╭──

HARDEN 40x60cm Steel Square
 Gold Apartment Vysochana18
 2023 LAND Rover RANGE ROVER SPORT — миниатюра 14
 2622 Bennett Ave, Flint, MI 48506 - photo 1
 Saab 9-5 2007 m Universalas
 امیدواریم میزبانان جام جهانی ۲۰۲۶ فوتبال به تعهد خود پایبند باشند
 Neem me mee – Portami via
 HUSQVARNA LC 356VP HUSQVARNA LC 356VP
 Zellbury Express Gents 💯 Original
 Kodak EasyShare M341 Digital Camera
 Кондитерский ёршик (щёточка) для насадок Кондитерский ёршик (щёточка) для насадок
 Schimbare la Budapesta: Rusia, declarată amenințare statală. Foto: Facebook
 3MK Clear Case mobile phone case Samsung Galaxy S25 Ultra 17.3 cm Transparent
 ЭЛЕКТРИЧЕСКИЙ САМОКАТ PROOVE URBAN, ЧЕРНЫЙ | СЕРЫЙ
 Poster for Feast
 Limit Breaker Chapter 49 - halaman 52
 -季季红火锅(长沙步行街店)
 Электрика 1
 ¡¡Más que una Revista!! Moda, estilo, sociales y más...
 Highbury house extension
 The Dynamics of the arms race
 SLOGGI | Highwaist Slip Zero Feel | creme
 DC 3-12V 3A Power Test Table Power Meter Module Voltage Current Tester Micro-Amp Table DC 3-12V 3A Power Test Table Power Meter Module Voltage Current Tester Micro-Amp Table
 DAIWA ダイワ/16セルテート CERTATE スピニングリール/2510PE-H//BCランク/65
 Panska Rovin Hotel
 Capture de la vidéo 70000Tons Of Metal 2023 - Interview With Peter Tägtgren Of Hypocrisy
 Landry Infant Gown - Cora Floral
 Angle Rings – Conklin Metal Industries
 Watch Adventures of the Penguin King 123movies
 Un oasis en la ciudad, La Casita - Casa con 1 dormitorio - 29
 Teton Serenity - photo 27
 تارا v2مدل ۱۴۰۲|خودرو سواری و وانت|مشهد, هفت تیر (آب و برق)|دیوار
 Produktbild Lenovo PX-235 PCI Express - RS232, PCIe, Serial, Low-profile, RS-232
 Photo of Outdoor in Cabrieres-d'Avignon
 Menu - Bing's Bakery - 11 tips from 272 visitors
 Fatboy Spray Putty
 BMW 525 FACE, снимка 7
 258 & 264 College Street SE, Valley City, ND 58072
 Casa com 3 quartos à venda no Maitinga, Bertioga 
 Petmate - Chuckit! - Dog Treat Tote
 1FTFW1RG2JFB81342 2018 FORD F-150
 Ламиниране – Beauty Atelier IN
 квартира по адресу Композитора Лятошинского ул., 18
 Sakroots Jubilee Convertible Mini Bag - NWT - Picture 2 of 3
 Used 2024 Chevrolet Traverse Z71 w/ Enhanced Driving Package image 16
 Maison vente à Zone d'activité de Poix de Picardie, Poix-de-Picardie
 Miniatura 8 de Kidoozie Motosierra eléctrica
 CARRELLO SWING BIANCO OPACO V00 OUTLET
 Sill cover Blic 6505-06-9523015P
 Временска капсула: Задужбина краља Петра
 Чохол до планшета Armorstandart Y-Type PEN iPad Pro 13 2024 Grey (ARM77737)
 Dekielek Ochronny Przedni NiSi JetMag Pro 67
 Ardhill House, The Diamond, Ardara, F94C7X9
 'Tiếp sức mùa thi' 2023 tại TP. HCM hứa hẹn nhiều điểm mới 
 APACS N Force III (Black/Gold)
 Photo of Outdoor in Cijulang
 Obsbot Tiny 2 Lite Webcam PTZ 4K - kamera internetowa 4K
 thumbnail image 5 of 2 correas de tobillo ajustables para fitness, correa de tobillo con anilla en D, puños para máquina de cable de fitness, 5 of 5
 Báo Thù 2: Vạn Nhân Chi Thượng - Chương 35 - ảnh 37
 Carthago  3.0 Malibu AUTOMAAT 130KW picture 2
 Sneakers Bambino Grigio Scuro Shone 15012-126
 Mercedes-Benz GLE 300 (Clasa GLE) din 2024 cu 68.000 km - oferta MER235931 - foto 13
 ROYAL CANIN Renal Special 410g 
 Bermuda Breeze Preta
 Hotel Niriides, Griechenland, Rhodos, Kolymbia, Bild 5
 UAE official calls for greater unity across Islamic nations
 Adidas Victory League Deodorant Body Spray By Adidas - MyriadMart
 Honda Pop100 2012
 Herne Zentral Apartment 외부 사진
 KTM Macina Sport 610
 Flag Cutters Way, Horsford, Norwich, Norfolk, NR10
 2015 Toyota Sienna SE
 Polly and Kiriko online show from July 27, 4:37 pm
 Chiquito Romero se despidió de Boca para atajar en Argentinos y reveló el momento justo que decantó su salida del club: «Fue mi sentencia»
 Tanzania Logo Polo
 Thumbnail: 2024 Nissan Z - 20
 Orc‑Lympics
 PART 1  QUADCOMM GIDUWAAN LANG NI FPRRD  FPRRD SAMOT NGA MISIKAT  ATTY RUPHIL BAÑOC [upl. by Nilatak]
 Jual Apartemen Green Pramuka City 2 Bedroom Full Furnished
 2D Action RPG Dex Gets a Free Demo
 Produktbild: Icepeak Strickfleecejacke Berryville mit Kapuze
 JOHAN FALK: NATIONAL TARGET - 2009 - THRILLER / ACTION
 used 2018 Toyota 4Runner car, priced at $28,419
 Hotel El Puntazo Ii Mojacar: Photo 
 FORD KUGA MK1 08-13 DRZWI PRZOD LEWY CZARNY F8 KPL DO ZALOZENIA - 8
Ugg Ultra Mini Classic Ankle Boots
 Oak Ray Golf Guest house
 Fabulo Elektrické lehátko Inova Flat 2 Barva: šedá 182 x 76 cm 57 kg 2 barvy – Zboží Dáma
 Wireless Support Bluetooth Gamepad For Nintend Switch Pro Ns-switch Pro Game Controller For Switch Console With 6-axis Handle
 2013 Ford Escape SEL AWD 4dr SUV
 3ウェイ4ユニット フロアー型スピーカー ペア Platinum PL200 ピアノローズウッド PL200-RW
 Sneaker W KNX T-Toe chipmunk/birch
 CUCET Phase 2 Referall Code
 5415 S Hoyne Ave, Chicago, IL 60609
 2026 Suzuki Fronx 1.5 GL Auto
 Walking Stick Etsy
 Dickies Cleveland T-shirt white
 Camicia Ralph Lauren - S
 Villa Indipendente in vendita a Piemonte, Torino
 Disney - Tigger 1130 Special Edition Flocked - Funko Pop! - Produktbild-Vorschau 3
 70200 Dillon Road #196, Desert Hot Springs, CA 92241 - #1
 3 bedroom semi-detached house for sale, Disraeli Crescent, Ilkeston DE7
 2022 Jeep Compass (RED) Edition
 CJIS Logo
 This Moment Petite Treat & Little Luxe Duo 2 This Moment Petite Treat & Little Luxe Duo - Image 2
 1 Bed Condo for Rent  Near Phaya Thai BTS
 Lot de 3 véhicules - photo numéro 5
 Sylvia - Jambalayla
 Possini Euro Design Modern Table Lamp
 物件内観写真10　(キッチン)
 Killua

╰──

**Your goal**
Write out the full listing, keeping every line exactly as it is.

**Solution for this exercise**
HARDEN 40x60cm Steel Square
 Gold Apartment Vysochana18
 2023 LAND Rover RANGE ROVER SPORT — миниатюра 14
 2622 Bennett Ave, Flint, MI 48506 - photo 1
 Saab 9-5 2007 m Universalas
 امیدواریم میزبانان جام جهانی ۲۰۲۶ فوتبال به تعهد خود پایبند باشند
 Neem me mee – Portami via
 HUSQVARNA LC 356VP HUSQVARNA LC 356VP
 Zellbury Express Gents 💯 Original
 Kodak EasyShare M341 Digital Camera
 Кондитерский ёршик (щёточка) для насадок Кондитерский ёршик (щёточка) для насадок
 Schimbare la Budapesta: Rusia, declarată amenințare statală. Foto: Facebook
 3MK Clear Case mobile phone case Samsung Galaxy S25 Ultra 17.3 cm Transparent
 ЭЛЕКТРИЧЕСКИЙ САМОКАТ PROOVE URBAN, ЧЕРНЫЙ | СЕРЫЙ
 Poster for Feast
 Limit Breaker Chapter 49 - halaman 52
 -季季红火锅(长沙步行街店)
 Электрика 1
 ¡¡Más que una Revista!! Moda, estilo, sociales y más...
 Highbury house extension
 The Dynamics of the arms race
 SLOGGI | Highwaist Slip Zero Feel | creme
 DC 3-12V 3A Power Test Table Power Meter Module Voltage Current Tester Micro-Amp Table DC 3-12V 3A Power Test Table Power Meter Module Voltage Current Tester Micro-Amp Table
 DAIWA ダイワ/16セルテート CERTATE スピニングリール/2510PE-H//BCランク/65
 Panska Rovin Hotel
 Capture de la vidéo 70000Tons Of Metal 2023 - Interview With Peter Tägtgren Of Hypocrisy
 Landry Infant Gown - Cora Floral
 Angle Rings – Conklin Metal Industries
 Watch Adventures of the Penguin King 123movies
 Un oasis en la ciudad, La Casita - Casa con 1 dormitorio - 29
 Teton Serenity - photo 27
 تارا v2مدل ۱۴۰۲|خودرو سواری و وانت|مشهد, هفت تیر (آب و برق)|دیوار
 Produktbild Lenovo PX-235 PCI Express - RS232, PCIe, Serial, Low-profile, RS-232
 Photo of Outdoor in Cabrieres-d'Avignon
 Menu - Bing's Bakery - 11 tips from 272 visitors
 Fatboy Spray Putty
 BMW 525 FACE, снимка 7
 258 & 264 College Street SE, Valley City, ND 58072
 Casa com 3 quartos à venda no Maitinga, Bertioga 
 Petmate - Chuckit! - Dog Treat Tote
 1FTFW1RG2JFB81342 2018 FORD F-150
 Ламиниране – Beauty Atelier IN
 квартира по адресу Композитора Лятошинского ул., 18
 Sakroots Jubilee Convertible Mini Bag - NWT - Picture 2 of 3
 Used 2024 Chevrolet Traverse Z71 w/ Enhanced Driving Package image 16
 Maison vente à Zone d'activité de Poix de Picardie, Poix-de-Picardie
 Miniatura 8 de Kidoozie Motosierra eléctrica
 CARRELLO SWING BIANCO OPACO V00 OUTLET
 Sill cover Blic 6505-06-9523015P
 Временска капсула: Задужбина краља Петра
 Чохол до планшета Armorstandart Y-Type PEN iPad Pro 13 2024 Grey (ARM77737)
 Dekielek Ochronny Przedni NiSi JetMag Pro 67
 Ardhill House, The Diamond, Ardara, F94C7X9
 'Tiếp sức mùa thi' 2023 tại TP. HCM hứa hẹn nhiều điểm mới 
 APACS N Force III (Black/Gold)
 Photo of Outdoor in Cijulang
 Obsbot Tiny 2 Lite Webcam PTZ 4K - kamera internetowa 4K
 thumbnail image 5 of 2 correas de tobillo ajustables para fitness, correa de tobillo con anilla en D, puños para máquina de cable de fitness, 5 of 5
 Báo Thù 2: Vạn Nhân Chi Thượng - Chương 35 - ảnh 37
 Carthago  3.0 Malibu AUTOMAAT 130KW picture 2
 Sneakers Bambino Grigio Scuro Shone 15012-126
 Mercedes-Benz GLE 300 (Clasa GLE) din 2024 cu 68.000 km - oferta MER235931 - foto 13
 ROYAL CANIN Renal Special 410g 
 Bermuda Breeze Preta
 Hotel Niriides, Griechenland, Rhodos, Kolymbia, Bild 5
 UAE official calls for greater unity across Islamic nations
 Adidas Victory League Deodorant Body Spray By Adidas - MyriadMart
 Honda Pop100 2012
 Herne Zentral Apartment 외부 사진
 KTM Macina Sport 610
 Flag Cutters Way, Horsford, Norwich, Norfolk, NR10
 2015 Toyota Sienna SE
 Polly and Kiriko online show from July 27, 4:37 pm
 Chiquito Romero se despidió de Boca para atajar en Argentinos y reveló el momento justo que decantó su salida del club: «Fue mi sentencia»
 Tanzania Logo Polo
 Thumbnail: 2024 Nissan Z - 20
 Orc‑Lympics
 PART 1  QUADCOMM GIDUWAAN LANG NI FPRRD  FPRRD SAMOT NGA MISIKAT  ATTY RUPHIL BAÑOC [upl. by Nilatak]
 Jual Apartemen Green Pramuka City 2 Bedroom Full Furnished
 2D Action RPG Dex Gets a Free Demo
 Produktbild: Icepeak Strickfleecejacke Berryville mit Kapuze
 JOHAN FALK: NATIONAL TARGET - 2009 - THRILLER / ACTION
 used 2018 Toyota 4Runner car, priced at $28,419
 Hotel El Puntazo Ii Mojacar: Photo 
 FORD KUGA MK1 08-13 DRZWI PRZOD LEWY CZARNY F8 KPL DO ZALOZENIA - 8
Ugg Ultra Mini Classic Ankle Boots
 Oak Ray Golf Guest house
 Fabulo Elektrické lehátko Inova Flat 2 Barva: šedá 182 x 76 cm 57 kg 2 barvy – Zboží Dáma
 Wireless Support Bluetooth Gamepad For Nintend Switch Pro Ns-switch Pro Game Controller For Switch Console With 6-axis Handle
 2013 Ford Escape SEL AWD 4dr SUV
 3ウェイ4ユニット フロアー型スピーカー ペア Platinum PL200 ピアノローズウッド PL200-RW
 Sneaker W KNX T-Toe chipmunk/birch
 CUCET Phase 2 Referall Code
 5415 S Hoyne Ave, Chicago, IL 60609
 2026 Suzuki Fronx 1.5 GL Auto
 Walking Stick Etsy
 Dickies Cleveland T-shirt white
 Camicia Ralph Lauren - S
 Villa Indipendente in vendita a Piemonte, Torino
 Disney - Tigger 1130 Special Edition Flocked - Funko Pop! - Produktbild-Vorschau 3
 70200 Dillon Road #196, Desert Hot Springs, CA 92241 - #1
 3 bedroom semi-detached house for sale, Disraeli Crescent, Ilkeston DE7
 2022 Jeep Compass (RED) Edition
 CJIS Logo
 This Moment Petite Treat & Little Luxe Duo 2 This Moment Petite Treat & Little Luxe Duo - Image 2
 1 Bed Condo for Rent  Near Phaya Thai BTS
 Lot de 3 véhicules - photo numéro 5
 Sylvia - Jambalayla
 Possini Euro Design Modern Table Lamp
 物件内観写真10　(キッチン)
 Killua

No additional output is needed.